Hamidah OderinwaleJune 2026

§1 Validating the bitter lesson

In this work, we study structural reasoning in the context of patent and technical design understanding. Our contributions include several novel task types that benchmark capabilities needed for strong agentic performance in physical design domains.

We think this work is interesting as people prompt to orient digital objects in their generations, models' ability to apply spatial reasoning will be tested and we want to see to what extent it is possessed.

For each task, we experiment with multiple representations of the underlying information. We are interested not only in which models perform best, but how the way the information they are presented and asked to present is structured. To do this, we also release a benchmark of gradeable spatial reasoning tasks, a DSL induced from the corpus for composing and reasoning about patent figures, graders that score each task in the representation space its output lives in, and a renderer that turns the DSL into a visual form.

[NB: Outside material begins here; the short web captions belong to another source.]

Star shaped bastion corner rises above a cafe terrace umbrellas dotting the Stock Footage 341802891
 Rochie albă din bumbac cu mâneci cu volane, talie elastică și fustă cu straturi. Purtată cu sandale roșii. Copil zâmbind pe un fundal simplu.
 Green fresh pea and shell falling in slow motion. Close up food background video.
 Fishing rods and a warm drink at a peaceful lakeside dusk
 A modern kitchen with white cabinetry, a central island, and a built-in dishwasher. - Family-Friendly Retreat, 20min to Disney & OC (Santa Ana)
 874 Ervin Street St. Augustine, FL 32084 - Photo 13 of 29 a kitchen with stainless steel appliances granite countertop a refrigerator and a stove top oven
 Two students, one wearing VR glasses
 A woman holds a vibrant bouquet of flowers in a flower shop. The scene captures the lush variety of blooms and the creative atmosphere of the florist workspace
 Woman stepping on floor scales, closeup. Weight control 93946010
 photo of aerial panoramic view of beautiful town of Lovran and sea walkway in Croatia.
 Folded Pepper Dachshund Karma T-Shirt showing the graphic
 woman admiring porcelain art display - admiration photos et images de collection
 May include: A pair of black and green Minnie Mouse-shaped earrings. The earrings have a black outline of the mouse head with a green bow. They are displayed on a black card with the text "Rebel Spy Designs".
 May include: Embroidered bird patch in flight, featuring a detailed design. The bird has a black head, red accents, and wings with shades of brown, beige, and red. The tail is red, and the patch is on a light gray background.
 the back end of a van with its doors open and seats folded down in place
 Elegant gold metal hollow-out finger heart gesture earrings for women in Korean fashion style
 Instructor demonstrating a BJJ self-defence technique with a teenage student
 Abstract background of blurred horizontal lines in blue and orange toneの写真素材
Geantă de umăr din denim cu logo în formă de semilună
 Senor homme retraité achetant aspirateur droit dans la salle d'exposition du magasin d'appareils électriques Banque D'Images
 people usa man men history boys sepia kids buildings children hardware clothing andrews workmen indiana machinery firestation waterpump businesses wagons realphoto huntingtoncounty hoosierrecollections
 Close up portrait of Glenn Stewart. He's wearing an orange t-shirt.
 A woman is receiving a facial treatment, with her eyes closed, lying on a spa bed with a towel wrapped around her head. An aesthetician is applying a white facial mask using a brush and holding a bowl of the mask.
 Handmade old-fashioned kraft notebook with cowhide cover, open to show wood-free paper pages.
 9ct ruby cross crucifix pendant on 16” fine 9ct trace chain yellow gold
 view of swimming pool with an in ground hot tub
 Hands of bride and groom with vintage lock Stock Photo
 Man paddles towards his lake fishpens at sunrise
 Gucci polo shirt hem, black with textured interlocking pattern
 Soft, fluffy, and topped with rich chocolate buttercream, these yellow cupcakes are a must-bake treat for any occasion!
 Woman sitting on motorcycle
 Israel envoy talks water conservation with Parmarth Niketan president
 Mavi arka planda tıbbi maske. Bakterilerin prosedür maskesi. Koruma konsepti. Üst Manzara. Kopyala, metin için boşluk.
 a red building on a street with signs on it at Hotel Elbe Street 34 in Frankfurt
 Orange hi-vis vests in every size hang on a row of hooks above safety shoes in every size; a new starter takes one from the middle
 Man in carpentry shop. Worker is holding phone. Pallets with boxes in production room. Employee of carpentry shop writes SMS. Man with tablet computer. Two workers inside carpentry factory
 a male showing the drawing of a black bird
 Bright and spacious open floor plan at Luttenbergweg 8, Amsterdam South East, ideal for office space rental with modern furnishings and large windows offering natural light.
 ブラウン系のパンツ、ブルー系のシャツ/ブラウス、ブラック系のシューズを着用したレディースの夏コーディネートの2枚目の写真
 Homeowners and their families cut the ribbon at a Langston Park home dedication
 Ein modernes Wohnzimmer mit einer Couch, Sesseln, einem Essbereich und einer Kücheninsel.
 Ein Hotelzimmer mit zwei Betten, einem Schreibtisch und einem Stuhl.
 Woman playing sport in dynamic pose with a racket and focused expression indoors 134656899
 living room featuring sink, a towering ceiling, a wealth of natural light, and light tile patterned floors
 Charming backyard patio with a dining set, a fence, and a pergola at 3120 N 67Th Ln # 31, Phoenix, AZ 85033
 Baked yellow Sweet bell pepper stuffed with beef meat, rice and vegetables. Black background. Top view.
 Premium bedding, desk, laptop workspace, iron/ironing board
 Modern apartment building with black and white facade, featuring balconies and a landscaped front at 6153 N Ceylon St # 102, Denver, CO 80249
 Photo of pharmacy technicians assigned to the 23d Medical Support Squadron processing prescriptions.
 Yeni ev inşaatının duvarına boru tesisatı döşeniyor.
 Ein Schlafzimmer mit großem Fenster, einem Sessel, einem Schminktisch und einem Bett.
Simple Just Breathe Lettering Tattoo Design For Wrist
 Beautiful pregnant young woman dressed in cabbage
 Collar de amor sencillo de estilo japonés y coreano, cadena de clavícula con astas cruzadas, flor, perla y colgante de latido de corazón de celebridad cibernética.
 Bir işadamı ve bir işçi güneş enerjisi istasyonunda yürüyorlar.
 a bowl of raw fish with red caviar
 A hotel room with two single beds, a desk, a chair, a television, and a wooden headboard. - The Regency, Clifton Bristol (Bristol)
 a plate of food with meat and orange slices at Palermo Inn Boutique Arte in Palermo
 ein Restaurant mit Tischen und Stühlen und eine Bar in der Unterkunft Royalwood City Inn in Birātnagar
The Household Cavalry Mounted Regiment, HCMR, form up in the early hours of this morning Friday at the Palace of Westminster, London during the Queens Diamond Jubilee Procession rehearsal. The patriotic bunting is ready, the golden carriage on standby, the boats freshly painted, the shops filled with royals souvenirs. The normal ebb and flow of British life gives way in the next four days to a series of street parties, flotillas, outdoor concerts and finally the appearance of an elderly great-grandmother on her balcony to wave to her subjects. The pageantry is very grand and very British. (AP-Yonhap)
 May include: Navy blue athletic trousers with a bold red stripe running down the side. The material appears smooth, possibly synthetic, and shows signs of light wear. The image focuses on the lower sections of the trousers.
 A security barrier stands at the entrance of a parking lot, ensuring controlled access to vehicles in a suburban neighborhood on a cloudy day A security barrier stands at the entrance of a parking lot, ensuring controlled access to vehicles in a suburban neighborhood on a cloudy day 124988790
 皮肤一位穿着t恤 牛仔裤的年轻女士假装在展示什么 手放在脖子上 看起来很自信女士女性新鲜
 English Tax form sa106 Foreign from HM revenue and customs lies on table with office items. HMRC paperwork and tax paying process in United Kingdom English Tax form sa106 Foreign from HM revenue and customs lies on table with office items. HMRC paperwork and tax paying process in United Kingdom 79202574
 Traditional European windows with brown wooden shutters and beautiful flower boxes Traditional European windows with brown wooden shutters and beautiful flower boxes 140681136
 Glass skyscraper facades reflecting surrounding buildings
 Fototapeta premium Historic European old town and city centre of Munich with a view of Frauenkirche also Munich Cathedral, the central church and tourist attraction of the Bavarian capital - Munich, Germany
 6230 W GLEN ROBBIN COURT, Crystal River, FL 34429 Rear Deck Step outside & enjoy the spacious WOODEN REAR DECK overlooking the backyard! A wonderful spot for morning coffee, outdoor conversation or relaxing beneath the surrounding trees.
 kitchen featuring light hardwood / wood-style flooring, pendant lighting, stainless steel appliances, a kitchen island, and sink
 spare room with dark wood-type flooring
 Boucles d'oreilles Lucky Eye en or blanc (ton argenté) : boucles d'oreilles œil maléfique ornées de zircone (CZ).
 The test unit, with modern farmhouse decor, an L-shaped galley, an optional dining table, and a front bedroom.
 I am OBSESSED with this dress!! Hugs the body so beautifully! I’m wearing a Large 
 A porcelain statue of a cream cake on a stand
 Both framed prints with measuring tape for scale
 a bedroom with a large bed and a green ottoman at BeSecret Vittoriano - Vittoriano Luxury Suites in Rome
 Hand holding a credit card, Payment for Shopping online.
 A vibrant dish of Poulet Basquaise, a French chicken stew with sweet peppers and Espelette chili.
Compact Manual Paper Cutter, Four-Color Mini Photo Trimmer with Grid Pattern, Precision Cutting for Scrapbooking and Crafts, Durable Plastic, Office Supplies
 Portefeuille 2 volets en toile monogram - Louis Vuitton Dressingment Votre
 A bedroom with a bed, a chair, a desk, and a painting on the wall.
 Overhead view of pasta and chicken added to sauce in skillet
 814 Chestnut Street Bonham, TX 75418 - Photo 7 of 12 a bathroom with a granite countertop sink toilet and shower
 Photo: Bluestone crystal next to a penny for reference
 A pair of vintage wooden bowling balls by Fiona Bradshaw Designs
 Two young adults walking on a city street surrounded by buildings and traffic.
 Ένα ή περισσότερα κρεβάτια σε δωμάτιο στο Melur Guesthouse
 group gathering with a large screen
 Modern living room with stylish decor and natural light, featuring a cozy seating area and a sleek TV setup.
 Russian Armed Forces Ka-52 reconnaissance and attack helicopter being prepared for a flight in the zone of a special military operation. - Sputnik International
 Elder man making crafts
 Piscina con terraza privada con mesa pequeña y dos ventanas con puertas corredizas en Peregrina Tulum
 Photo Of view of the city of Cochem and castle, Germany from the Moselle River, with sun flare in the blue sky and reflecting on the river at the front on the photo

In general, we find that representational interventions can equip models with the support they need to perform on tasks that require spatial understanding, however, it is important to be intentional about the types of representations and when they are implemented. In our view, spatial reasoning can be decomposed into two parts: categorical and geometric thinking. Categorical thinking — where a model, for example, should identify the correct viewpoints from a set — is best supported via test-time reasoning, whereas geometric thinking likely needs to be imbued in a model during early stages (i.e. training).

§2 Why we use design patents to probe into spatial reasoning

We view patents and their figures as a rich data source given their ground truth and real-world implications for relational structural understanding in a visual domain. Patent analysts and inventors ask questions relevant to anyone building generatively: how similar is what I’m building to existing tools? How do I build cumulatively without redundant work? And what should I add next? We use these as the basis for our task design. For agents to be true builders, they should understand how their outputs fit into the existing innovation landscape and situate their generations within that context.

A cleaning tool rack shown across six viewpoints: two isometric views, a top plan, a section, a rear elevation, and a bottom plan. — **Fig. 1.** Sample figure for a cleaning tool rack with all viewpoints displayed.

Our findings

Overall, we find that models have the necessary knowledge but struggle to apply it in physical domains. That is, they can describe what they should do but struggle to execute.

§3 Tasks

Masked view. For this task, we try to assess models’ ability to determine the viewpoint of a given figure. This task is structured where the figures of a patent are described, all but one have their viewpoints written out and the remaining one does not. From this, the model has to write out the viewpoint of the masked figure.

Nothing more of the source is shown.